Marcella s'était amusée plein de fois à imaginer ce qu'ils feraient quand ils seraient vieux. Elle s'était aussi demandé à quoi ils ressembleraient avec Tiberio. Auraient-ils beaucoup de cheveux blancs? Pourraient-ils voyager malgré les douleurs d'arthrose? Ils rêvaient tous les deux de faire une croisière sur le Danube...

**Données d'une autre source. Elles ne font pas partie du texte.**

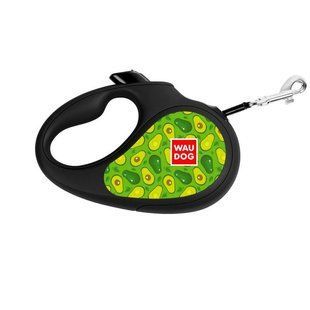 Collar (Коллар) WAUDOG Roulette Leash - Повідець-рулетка для собак з малюнком "Авокадо" XS Чорний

Mais aujourd'hui elle se disait qu'ils n'auraient peut-être pas le temps de vieillir. Les autorités leur avaient ordonné, à eux et à toute la population, de rester confinés chez eux pour éviter d'être infectés. Ils étaient enfermés depuis maintenant quinze jours. La maladie se propageait de façon exponentielle. Les médias rapportaient des dizaines de morts chaque jour, du nord au sud de l'Italie. L'Etat était dépassé. Quant à l'Eglise, elle voyait là un châtiment divin. L'Homme devait expier ses fautes. Pour  Marcella, c'était surtout la faute aux Chinois, et elle leur en voulait de mettre ainsi son avenir en péril et, plus largement, l'avenir de toute l'Humanité. 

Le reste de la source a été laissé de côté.